§ HOW TO COMPLETE THIS TASK: Only the lines in the entries below from the line with "Кольцо с бриллиантом" to the line with "2 Pack Pink", both included, belong in the answer, transcribed exactly and without pictures.

§ TASK MATERIAL:
————
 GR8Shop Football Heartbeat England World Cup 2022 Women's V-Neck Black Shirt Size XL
————
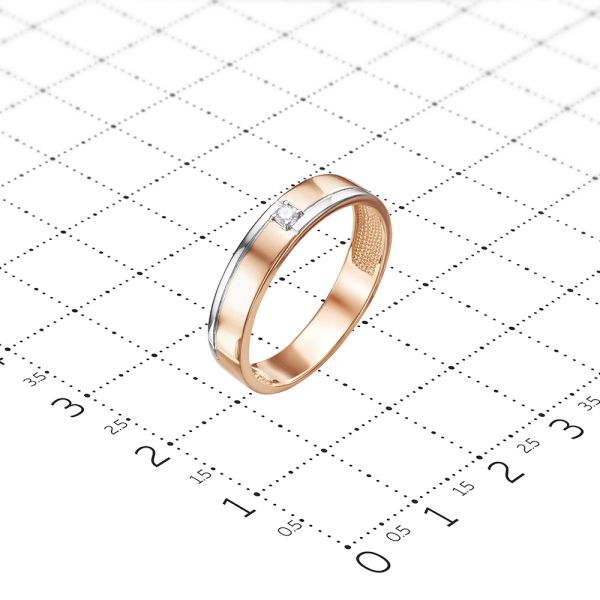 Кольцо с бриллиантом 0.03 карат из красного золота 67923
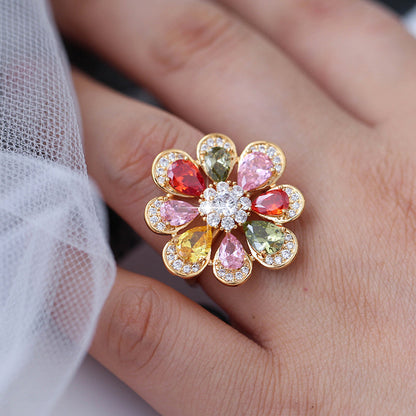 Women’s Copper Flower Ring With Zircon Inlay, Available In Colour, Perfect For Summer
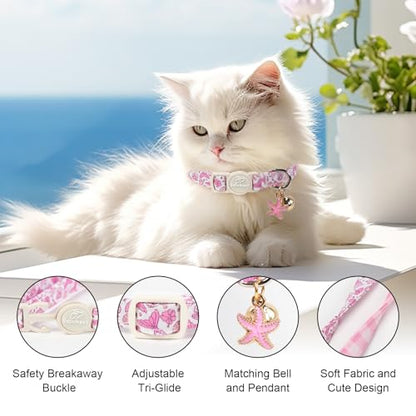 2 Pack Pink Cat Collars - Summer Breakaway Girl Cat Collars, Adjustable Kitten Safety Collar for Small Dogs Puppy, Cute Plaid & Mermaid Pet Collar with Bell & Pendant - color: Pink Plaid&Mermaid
————
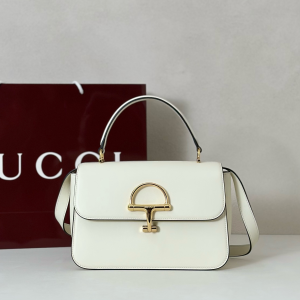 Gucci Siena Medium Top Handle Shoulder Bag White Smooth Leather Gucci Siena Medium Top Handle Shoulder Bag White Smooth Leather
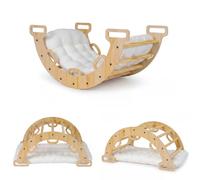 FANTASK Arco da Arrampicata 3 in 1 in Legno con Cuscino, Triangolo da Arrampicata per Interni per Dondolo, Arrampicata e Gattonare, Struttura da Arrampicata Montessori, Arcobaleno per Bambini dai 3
————
§ SOLUTION TO THE PROBLEM:
 Кольцо с бриллиантом 0.03 карат из красного золота 67923
 Women’s Copper Flower Ring With Zircon Inlay, Available In Colour, Perfect For Summer
 2 Pack Pink Cat Collars - Summer Breakaway Girl Cat Collars, Adjustable Kitten Safety Collar for Small Dogs Puppy, Cute Plaid & Mermaid Pet Collar with Bell & Pendant - color: Pink Plaid&Mermaid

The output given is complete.